Herr Kollege Dehm, ich erkläre Ihnen das gerne noch mal. Es ist ja nicht so, dass das der erste mutmaßliche Giftgaseinsatz in Syrien war. Ihre Kollegin hat hier gerade ein flammendes Plädoyer für das Völkerrecht gehalten. Das können wir als Grüne nur unterstützen; auch wir setzen uns für das Völkerrecht ein.
Vor diesem Hintergrund sind Organisationen wie zum Beispiel die OPCW, die Organisation für das Verbot chemischer Waffen, die unter anderem mit Unterstützung Ihres so geschätzten Russlands eingerichtet wurde, mehrfach in Syrien gewesen. Es gab in den letzten sieben Jahren 34 festgestellte Einsätze von Giftgas. Davon hat der Menschenrechtsrat der Vereinten Nationen 27 Angriffe – die sind da sehr präzise; es gibt zu Recht den Verdacht, dass es mehr waren, aber nur bei 27 Angriffen konnten sie es genau nachweisen – dem Assad-Regime zuordnen können. Ich finde, das gehört zur Wahrheit dazu.
– Nein, nicht nur im letzten Jahr, sondern in sieben Jahren brutaler Kriegsgeschichte in Syrien. Das können Sie nicht ignorieren. Auch Russland war mit daran beteiligt, die syrischen Chemiewaffen zu vernichten.
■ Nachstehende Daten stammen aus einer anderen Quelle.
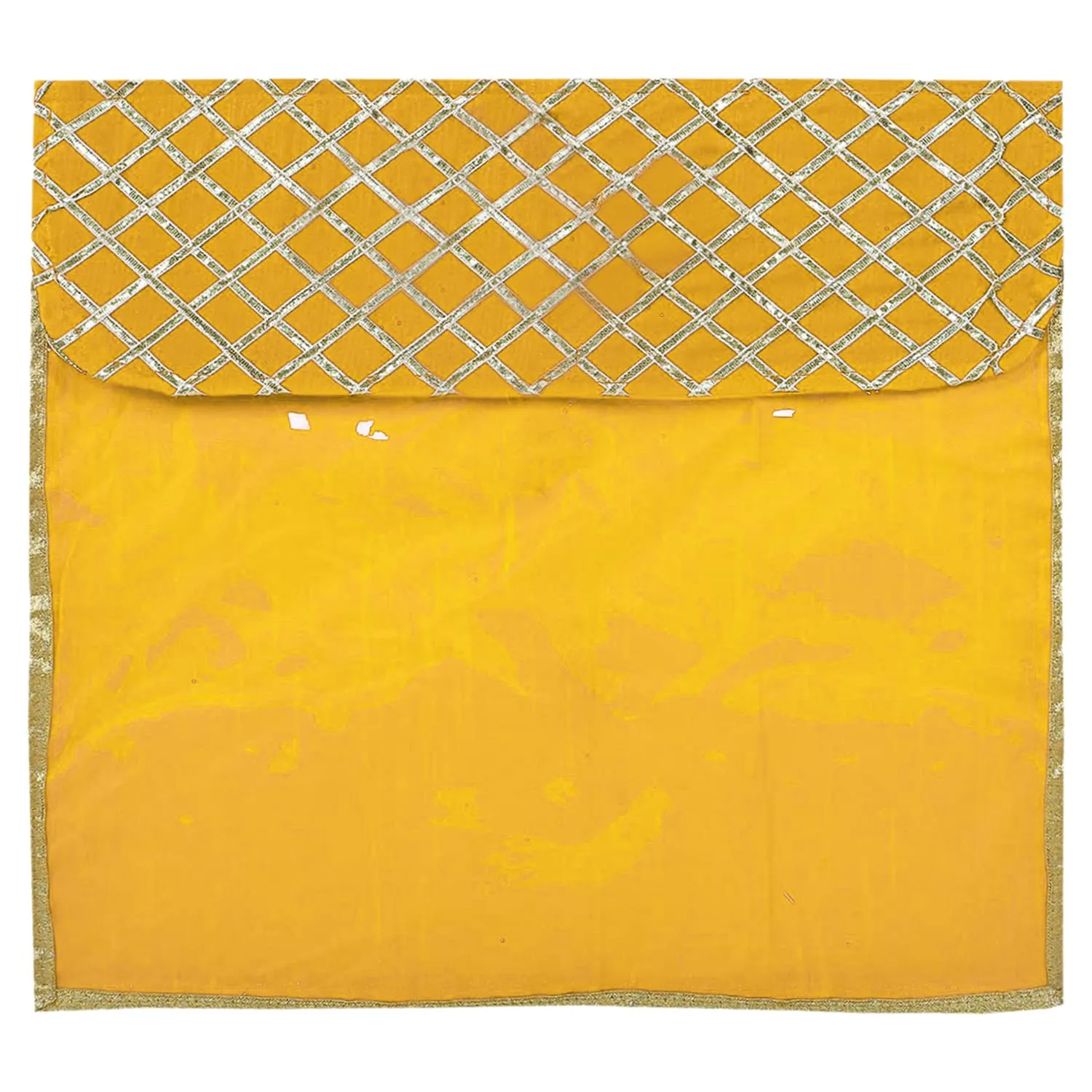 Heart Home Seamless lattice Design Satin Foldable, Lightweigth Single Saree Cover/Organiser For Wardrobe With Transparent Top- Pack of 6 (Yellow)-50HH01335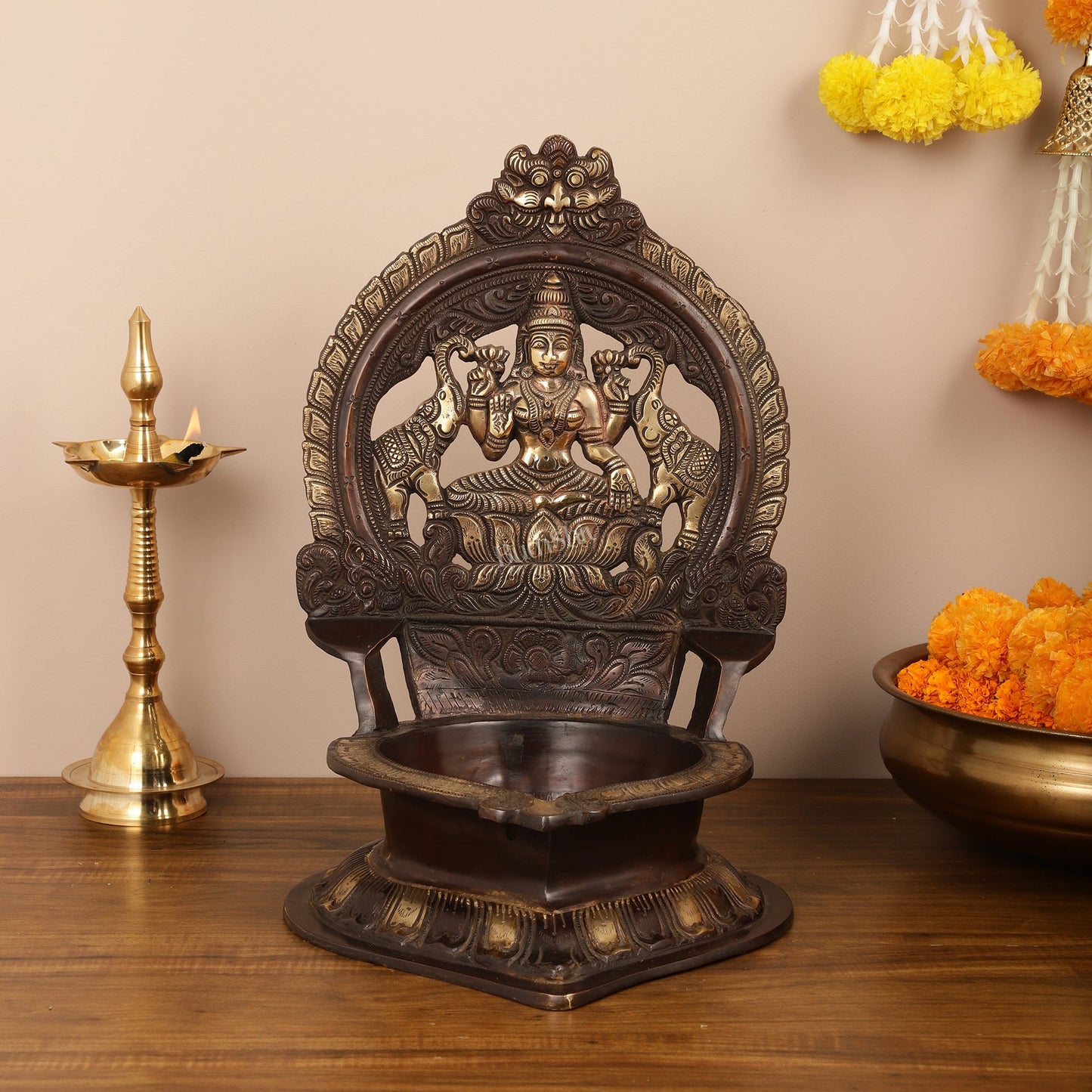 Brass Large-Sized Ganesha and Lakshmi Lamps - 17 Inch - Budhshiv.com
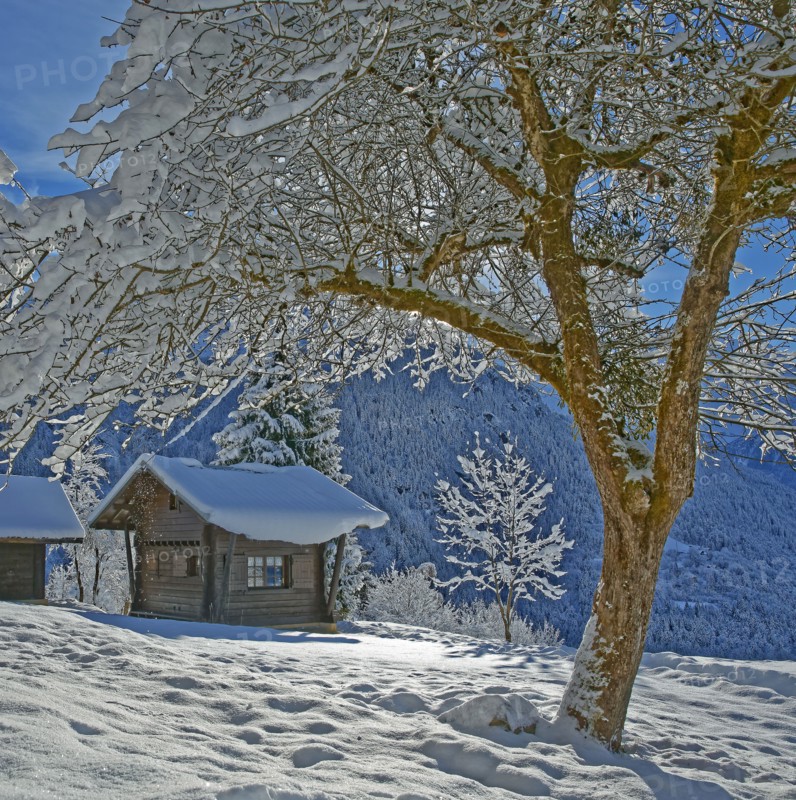 Cottages in the snow, Haute-Savoie, France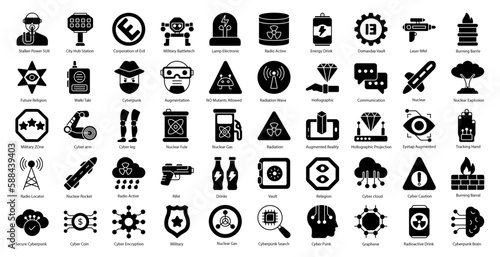 Cyberpunk Glyph Icons Technology Augmented Reality Iconset in Glyph Style 50 Vector Icons in Black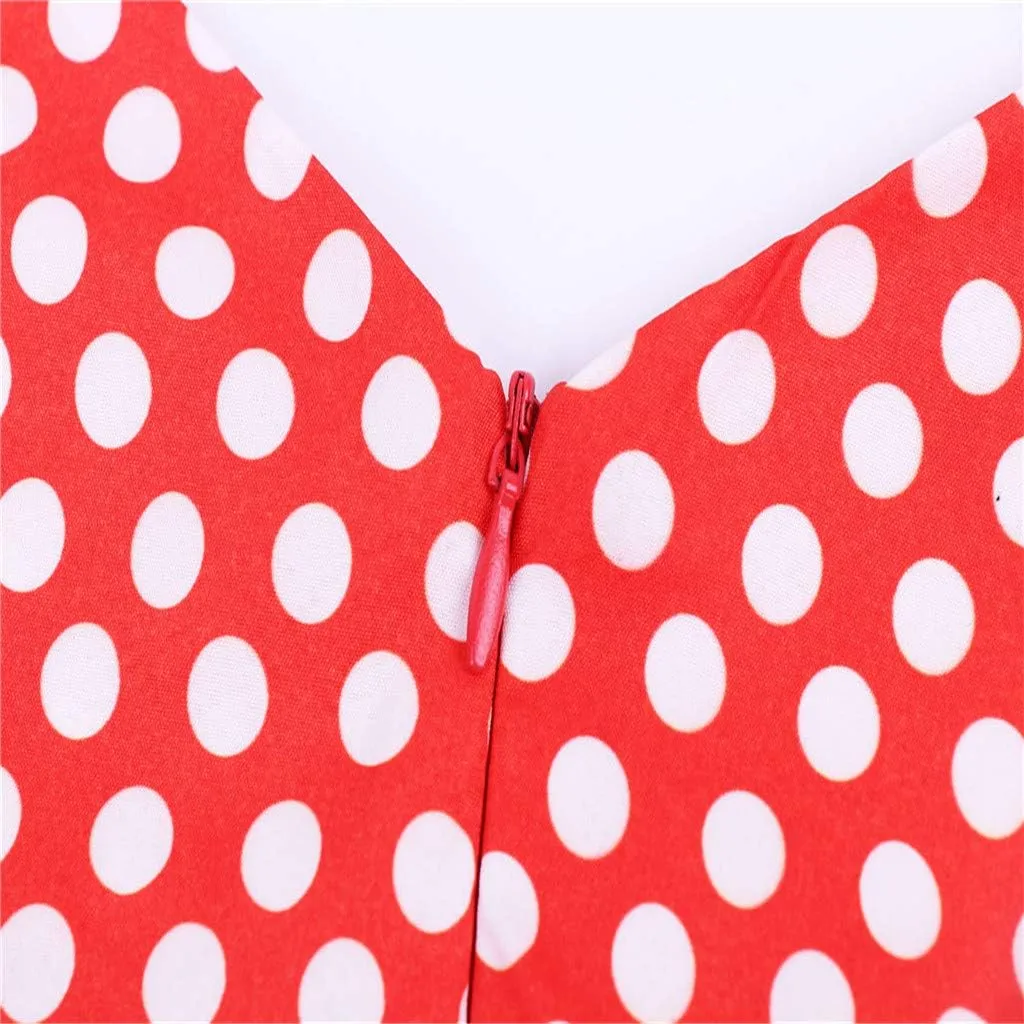 Women's V-Neck Sleeveless Vintage Dot Print Summer Beach Dress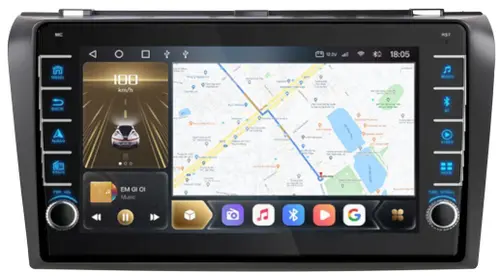Магнитола для Mazda 3, Axela 2003-2009 - Kuberg OL-9503 (кнопки и крутилки), Android 12, Быстрая, CarPlay, 4G SIM-слот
Ich erwarte von einem Mitglied im Sicherheitsrat der Vereinten Nationen, dass es Völkerrecht hält, beschützt und seine versprochenen Zusagen an der Stelle einhält.
Aber dazu findet sich kein einziges Wort im Antrag der AfD. Dazu findet sich auch leider kein Wort im Antrag der Linken. Ich muss Ihnen sagen: Wer das Völkerrecht immer nur selektiv verteidigt, wer sich dazu ausschweigt, dem geht es doch nicht wirklich um das Völkerrecht, dem geht es um etwas ganz anderes. Auch da sprach Ihre Frage gerade Bände.
Meine Damen und Herren, auch die Bundesregierung kann sich nicht glaubwürdig für das Völkerrecht einsetzen. Wenn Ihnen das Völkerrecht so wichtig ist, dann darf man eben nicht schweigen, wenn die Türkei völkerrechtswidrig in Afrin einmarschiert. Dann muss man auch sagen, dass die Raketenangriffe von Donald Trump völkerrechtswidrig waren, und man darf sie nicht auch noch rhetorisch unterstützen.
Gerade in einer Zeit, in der einige versuchen, das Völkerrecht zu zerbomben und es durch das Recht des Stärkeren zu ersetzen, gilt: Wer das erhalten will, wer das beschützen will, der muss es erst recht hochhalten, der muss es erst recht verteidigen, und vor allem muss er es selbst einhalten.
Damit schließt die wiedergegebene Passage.